I’m reading Gary Byrne’s Crisis of Character.
He’s the former Secret Service officer who worked in the White House during the whole Clinton Lewinsky thing.
He’s not shy about expressing his political biases but that granted he saw what he saw, heard what he heard and experienced what he experienced, to be tautologically rhetorical about it.
There’s little reason to doubt these rhetorical tautologies.

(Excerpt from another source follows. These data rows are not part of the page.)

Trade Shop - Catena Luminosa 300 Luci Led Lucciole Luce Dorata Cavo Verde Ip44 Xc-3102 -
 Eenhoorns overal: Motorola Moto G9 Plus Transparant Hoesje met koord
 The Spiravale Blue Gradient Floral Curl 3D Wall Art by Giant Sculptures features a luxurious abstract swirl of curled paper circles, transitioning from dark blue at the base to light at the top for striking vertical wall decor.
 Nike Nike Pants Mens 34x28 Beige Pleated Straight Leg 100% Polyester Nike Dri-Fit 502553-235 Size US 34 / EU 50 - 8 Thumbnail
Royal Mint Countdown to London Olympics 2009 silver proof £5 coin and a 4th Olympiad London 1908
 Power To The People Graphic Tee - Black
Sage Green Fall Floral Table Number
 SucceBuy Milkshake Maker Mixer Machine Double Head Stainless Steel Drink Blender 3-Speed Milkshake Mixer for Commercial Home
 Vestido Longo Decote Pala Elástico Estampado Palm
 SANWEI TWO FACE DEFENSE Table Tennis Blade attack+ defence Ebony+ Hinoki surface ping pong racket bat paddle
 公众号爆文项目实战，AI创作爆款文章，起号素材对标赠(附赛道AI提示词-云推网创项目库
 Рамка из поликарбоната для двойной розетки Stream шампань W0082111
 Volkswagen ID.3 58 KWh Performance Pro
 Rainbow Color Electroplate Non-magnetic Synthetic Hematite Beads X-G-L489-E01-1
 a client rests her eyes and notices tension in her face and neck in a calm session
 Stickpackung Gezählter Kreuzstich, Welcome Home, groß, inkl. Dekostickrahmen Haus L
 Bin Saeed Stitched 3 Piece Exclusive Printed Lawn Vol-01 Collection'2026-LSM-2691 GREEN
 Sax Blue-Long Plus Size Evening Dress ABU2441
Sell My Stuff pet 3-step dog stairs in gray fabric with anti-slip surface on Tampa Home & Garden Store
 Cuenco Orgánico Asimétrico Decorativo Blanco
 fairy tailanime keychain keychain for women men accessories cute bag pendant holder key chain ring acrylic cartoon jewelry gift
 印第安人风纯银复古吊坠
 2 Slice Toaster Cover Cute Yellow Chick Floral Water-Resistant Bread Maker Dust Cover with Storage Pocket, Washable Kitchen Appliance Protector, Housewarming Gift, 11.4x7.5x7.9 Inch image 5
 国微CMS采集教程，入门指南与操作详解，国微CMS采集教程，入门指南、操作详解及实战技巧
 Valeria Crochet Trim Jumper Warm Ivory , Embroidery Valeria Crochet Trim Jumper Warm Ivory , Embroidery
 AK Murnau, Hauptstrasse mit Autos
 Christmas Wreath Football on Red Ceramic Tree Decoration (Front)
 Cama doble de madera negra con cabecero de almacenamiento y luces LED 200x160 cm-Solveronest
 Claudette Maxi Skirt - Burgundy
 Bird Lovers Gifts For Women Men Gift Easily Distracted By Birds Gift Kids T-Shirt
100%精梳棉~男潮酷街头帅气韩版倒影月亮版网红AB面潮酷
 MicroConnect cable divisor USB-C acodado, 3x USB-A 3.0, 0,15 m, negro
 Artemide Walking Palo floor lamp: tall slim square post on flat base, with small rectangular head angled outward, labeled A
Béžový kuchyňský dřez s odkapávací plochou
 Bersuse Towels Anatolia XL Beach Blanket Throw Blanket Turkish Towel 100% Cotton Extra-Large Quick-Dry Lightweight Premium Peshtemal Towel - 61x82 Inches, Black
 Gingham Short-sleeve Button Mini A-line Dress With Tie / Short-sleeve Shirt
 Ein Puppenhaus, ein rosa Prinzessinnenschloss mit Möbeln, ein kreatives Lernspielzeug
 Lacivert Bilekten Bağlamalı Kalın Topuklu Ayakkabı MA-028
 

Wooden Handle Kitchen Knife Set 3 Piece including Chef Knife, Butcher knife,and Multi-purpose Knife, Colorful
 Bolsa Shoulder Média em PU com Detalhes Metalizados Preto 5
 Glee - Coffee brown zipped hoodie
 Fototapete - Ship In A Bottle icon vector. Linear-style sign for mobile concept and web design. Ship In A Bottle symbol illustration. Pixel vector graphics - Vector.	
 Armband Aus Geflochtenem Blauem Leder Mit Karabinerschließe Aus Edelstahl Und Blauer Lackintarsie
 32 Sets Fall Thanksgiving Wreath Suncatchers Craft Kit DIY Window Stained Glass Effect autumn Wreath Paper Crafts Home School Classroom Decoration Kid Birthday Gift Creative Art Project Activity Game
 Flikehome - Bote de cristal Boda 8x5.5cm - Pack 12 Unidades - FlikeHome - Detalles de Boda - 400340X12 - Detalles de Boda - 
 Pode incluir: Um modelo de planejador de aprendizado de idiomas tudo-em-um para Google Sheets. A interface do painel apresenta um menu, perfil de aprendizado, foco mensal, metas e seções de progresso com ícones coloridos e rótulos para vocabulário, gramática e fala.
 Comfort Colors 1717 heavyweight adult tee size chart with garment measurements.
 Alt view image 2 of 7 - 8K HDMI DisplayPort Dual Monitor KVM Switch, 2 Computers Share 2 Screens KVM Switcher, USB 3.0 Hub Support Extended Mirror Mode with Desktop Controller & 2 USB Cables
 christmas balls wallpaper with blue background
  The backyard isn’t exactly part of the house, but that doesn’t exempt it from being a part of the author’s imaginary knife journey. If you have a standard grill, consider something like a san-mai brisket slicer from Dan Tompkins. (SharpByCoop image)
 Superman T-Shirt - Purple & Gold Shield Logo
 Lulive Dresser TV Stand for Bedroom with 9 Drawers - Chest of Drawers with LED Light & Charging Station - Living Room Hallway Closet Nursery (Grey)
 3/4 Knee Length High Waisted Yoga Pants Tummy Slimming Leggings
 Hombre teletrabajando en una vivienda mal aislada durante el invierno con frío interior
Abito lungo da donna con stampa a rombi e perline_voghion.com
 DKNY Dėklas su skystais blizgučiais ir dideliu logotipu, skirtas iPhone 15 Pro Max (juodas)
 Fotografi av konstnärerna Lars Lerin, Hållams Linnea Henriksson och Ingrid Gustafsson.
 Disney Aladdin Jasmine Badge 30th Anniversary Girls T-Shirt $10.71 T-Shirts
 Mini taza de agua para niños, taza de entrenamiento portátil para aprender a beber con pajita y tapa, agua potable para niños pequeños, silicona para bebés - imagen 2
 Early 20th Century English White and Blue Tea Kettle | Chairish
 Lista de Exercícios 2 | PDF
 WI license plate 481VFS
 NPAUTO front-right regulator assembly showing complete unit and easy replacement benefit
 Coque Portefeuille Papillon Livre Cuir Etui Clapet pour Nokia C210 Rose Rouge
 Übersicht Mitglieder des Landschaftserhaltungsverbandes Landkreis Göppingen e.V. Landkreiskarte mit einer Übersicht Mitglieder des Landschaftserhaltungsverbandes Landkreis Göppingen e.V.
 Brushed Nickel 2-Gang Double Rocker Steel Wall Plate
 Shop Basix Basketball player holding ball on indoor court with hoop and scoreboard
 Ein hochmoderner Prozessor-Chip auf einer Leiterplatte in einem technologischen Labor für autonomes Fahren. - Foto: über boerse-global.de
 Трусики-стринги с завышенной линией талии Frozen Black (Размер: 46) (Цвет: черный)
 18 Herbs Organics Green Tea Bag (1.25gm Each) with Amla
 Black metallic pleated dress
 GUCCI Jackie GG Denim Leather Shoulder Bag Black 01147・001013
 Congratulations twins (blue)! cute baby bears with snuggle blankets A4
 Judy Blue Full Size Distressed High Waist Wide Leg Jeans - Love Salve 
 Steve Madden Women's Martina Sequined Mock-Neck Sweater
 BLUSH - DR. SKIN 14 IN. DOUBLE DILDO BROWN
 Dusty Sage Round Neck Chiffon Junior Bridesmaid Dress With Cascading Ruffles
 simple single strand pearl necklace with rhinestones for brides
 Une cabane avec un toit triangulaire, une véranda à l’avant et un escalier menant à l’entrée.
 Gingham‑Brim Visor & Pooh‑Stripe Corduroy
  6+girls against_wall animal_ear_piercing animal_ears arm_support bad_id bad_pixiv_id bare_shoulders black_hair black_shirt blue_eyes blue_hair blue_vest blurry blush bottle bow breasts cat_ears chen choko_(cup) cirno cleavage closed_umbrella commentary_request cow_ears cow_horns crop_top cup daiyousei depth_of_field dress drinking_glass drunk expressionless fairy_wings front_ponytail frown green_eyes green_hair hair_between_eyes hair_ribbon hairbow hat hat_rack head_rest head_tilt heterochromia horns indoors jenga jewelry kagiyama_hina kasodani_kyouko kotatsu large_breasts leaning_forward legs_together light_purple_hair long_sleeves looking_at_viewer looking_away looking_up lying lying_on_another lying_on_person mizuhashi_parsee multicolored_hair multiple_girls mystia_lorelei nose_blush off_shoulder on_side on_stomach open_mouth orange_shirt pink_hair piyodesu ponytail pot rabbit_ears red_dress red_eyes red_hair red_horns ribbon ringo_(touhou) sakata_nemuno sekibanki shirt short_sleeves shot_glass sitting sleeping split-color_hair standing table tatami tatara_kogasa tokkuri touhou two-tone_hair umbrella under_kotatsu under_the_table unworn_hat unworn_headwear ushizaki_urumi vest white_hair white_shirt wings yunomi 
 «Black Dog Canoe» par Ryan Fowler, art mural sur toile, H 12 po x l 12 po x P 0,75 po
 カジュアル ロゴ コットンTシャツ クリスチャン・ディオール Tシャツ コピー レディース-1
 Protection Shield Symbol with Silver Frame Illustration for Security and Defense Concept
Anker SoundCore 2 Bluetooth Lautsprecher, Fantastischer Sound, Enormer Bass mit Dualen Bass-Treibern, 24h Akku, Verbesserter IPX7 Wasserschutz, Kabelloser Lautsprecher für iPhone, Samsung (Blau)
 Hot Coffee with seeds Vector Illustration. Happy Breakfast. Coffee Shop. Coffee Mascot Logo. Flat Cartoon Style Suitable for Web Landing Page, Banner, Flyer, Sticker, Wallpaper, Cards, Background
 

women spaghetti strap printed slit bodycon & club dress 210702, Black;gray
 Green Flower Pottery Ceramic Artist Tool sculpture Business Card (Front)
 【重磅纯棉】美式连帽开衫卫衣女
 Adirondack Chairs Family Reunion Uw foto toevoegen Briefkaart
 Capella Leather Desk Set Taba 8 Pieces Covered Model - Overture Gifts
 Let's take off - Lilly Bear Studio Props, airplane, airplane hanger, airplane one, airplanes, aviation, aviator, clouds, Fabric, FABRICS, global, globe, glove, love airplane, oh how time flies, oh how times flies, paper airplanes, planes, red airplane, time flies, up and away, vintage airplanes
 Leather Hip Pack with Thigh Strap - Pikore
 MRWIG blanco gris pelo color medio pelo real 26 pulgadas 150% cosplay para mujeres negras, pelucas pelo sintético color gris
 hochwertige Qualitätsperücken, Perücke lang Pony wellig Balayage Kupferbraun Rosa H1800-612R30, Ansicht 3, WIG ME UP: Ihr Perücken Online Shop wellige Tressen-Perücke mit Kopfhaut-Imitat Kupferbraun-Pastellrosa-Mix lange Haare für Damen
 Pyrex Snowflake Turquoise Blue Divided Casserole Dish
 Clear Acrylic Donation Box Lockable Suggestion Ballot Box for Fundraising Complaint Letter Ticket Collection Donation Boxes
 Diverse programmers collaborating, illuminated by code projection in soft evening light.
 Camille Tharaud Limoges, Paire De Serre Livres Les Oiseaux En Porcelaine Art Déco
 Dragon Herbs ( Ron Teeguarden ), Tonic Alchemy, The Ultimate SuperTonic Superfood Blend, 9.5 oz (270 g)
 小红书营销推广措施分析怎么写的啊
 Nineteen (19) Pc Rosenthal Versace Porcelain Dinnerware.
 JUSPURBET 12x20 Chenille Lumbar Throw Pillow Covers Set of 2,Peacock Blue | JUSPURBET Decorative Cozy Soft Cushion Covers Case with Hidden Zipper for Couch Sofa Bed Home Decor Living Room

On what he describes, in no particular order and not being exhaustive but rather Illuminative, Clinton’s wanton recklessness, personal and political, his lying under oath, suborning perjury, prevailing on others to commit perjury, his so sullying the integrity of his office—getting, for example, blow jobs in the Oval Office while in high conference with world leaders, or, for another, in the Oval Office shoving a cigar as sex device up Lewinsky’s vagina—there seems a consensus that impeachment of a president needn’t be grounded on criminal acts—Clinton’s blaming and heedlessly sacrificing others, whether directly or indirectly—in Byrne’s case, as he details it, getting caught in a legal vice, needing in testimony to dance between the tightening vice grips of conflicting legal doctrine on what he was permitted to say on pain of criminal sanction from any legal angle it was looked at, which near to drove him to a nervous breakdown and near to wrecked his life—among other delicts, I don’t see how anyone can say, on what is thus far publicly known, that, normatively, Trump’s presidency is as bad.